Y el Dragón de Relámpago Violeta respondió.

Con un solo rugido sobrenatural, la enorme bestia liberó un destello cegador de luz, y luego se lanzó—su cuerpo moviéndose más rápido que el trueno mismo. Cortó el cielo como una guillotina de ira, devorando a Drevon en pleno vuelo en un parpadeo. El impacto fue instantáneo. El dragón lo embistió y lo arrastró hacia abajo, desgarrando la atmósfera como un meteorito enviado por los dioses.

¡BOOM!

La colisión golpeó el mar con una fuerza capaz de quebrar el mundo.

Un pilar masivo de luz violeta explotó desde la superficie del océano, perforando profundamente la corteza terrestre debajo. La onda expansiva por sí sola aplanó las olas convirtiéndolas en vapor por kilómetros, enviando tsunamis en todas direcciones. Un cráter cegador de vapor, relámpago y destrucción erupcionó desde el mar, tragándose todo a su alrededor.

Incluso desde las costas distantes del Continente Perdido, parecía que un segundo sol acababa de caer en el océano.

Y dentro del corazón de esa calamidad—no había rastro de Drevon.

Max podría haberlo matado—podría haber borrado a Drevon de la existencia con ese monstruoso dragón violeta nacido de la furia pura de su dimensión del relámpago—pero no podía estar seguro. Nunca lo sabría. Porque en ese preciso momento, él mismo estaba muriendo.

El costo de empuñar un poder tan más allá de sus límites finalmente había llegado. Su cuerpo, ya empujado hasta el borde, había cruzado la línea. La energía que le había permitido comandar los cielos, invocar un dragón hecho de ira divina, ahora lo estaba devorando.

Su piel, antes pálida y marcada por la batalla, se había vuelto negra —abrasada y desmoronándose. Sus brazos, los mismos que había juntado con fuerza para desatar el ataque final, comenzaron a desprenderse, convirtiéndose en ceniza gris que se esparcía como polvo en el viento. Lentamente, pedazo a pedazo, estaba desapareciendo.

—No… —La voz de la Princesa Lenavira se quebró, sus manos volaron a su boca, lágrimas brotando en sus ojos mientras presenciaba la visión insoportable. Max, el chico que se enfrentó a figuras semejantes a dioses, que enfrentó ejércitos, que hizo temblar el cielo con su voluntad —se estaba consumiendo en silencio.
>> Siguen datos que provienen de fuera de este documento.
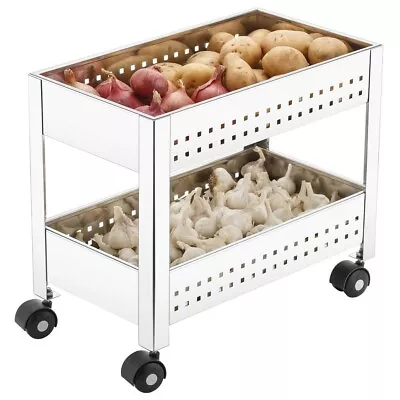 Stainless Steel 2-Tier Vegetable Storage Basket Kitchen Appliances Stand Trolley • $292.44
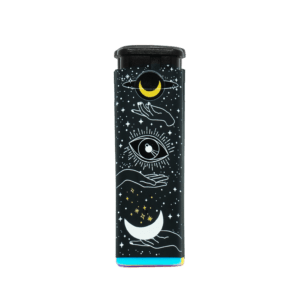 Cosmic Stardust refillable torch lighter, black with cosmic eye art and blue base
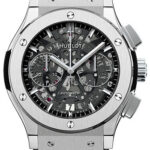 Hublot Classic Fusion Chronograph Skeleton Dial on Leather Strap Ref 525.NX.0170.LR with Card  2014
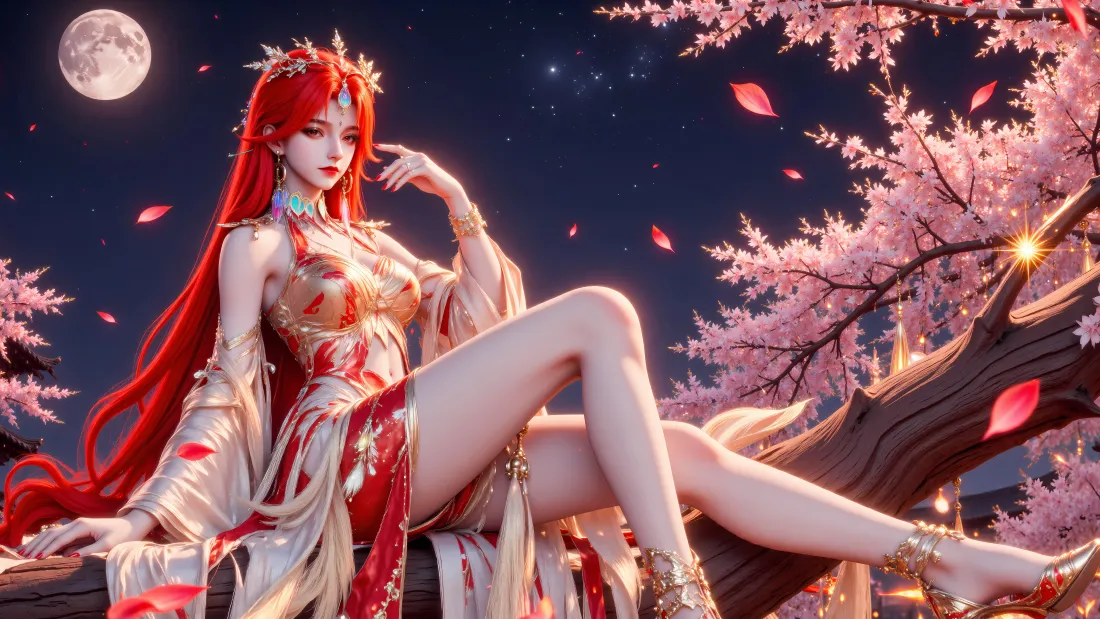 6k柳七月壁纸｜月夜樱林背景图片 - 沧元图「哲风壁纸」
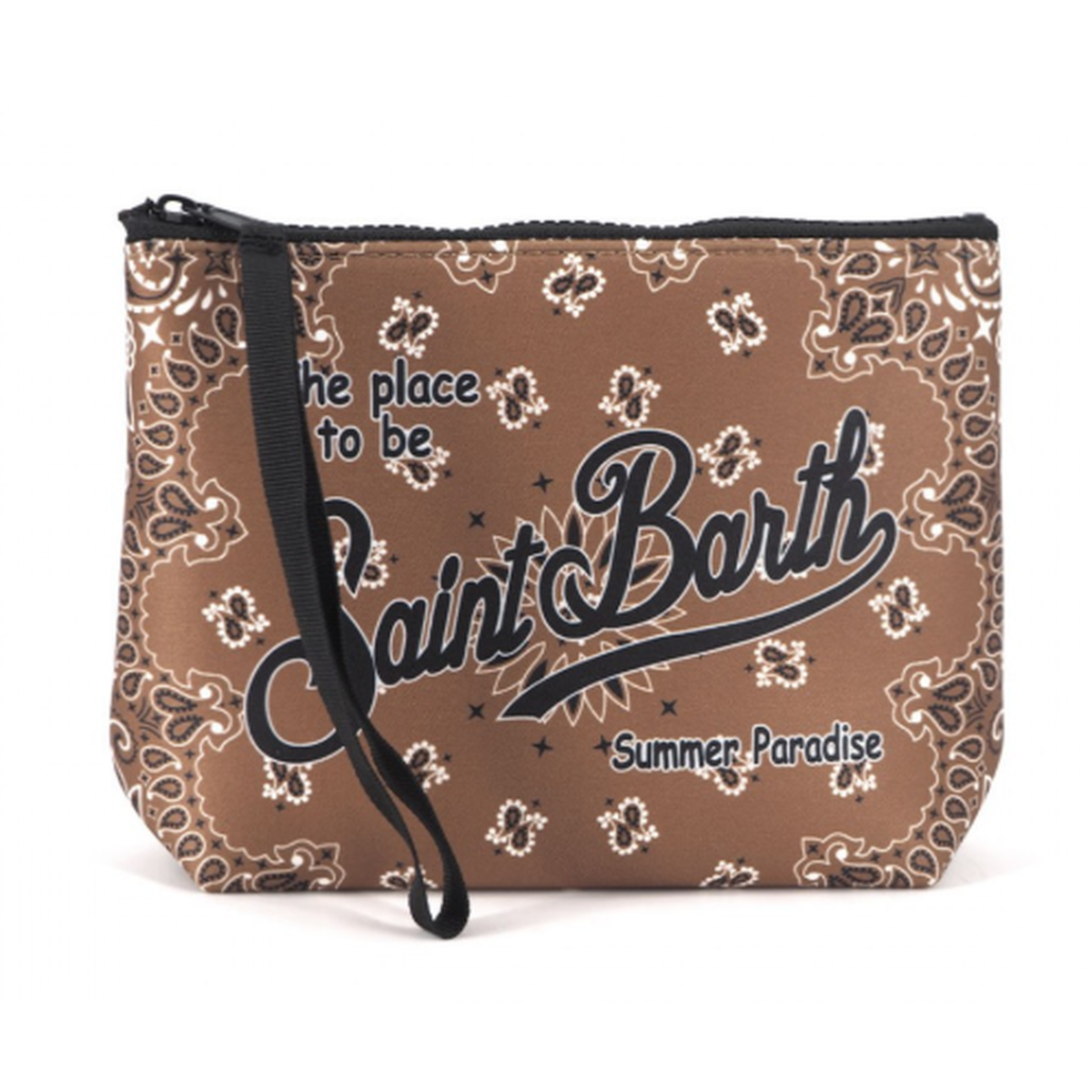MC2 Saint Barth Aline Bandana Print Brown Scuba Pouch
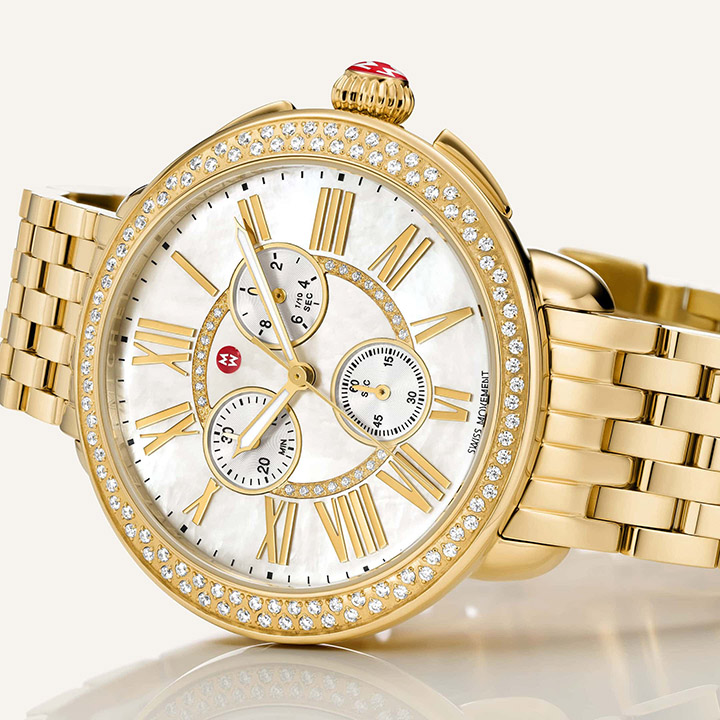 MICHELE Serein Watch in gold.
Toda su figura brillaba débilmente, como brasas, apenas manteniéndose unida mientras el humo se elevaba de cada centímetro de él. No era solo una herida. No era pérdida de sangre. Era destrucción —desde dentro.

Y justo cuando parecía que la última parte de él se desmoronaría hasta convertirse en nada, un resplandor plateado envolvió su cuerpo carbonizado. Una luz suave, divina, como la luz de la luna lavando un campo de batalla, lo rodeó, ralentizando el proceso de deterioro. No lo curó —no realmente. El daño era demasiado profundo, demasiado absoluto. Su cuerpo no estaba herido —se estaba rompiendo. Destrozado por la fuerza abrumadora que se había atrevido a empuñar.

Pero la luz plateada le compró tiempo. Unos segundos más. Una oportunidad para respirar. Un momento para aferrarse al mundo, incluso mientras las cenizas susurraban al viento.

Y en ese momento, todos solo podían observar. Impotentes.

—¡Madre! —La Princesa Lenavira gritó, su voz impregnada de pánico y desesperación mientras volaba hacia la reina elfa de cabello plateado que acababa de lanzar la luz plateada que envolvía a Max. Sus ojos, grandes y húmedos por las lágrimas, se fijaron en el rostro tranquilo pero solemne de su madre—. ¿Puedes curarlo? —preguntó, casi suplicando, aferrándose a ese último hilo de esperanza—. Por favor —¿puedes salvarlo?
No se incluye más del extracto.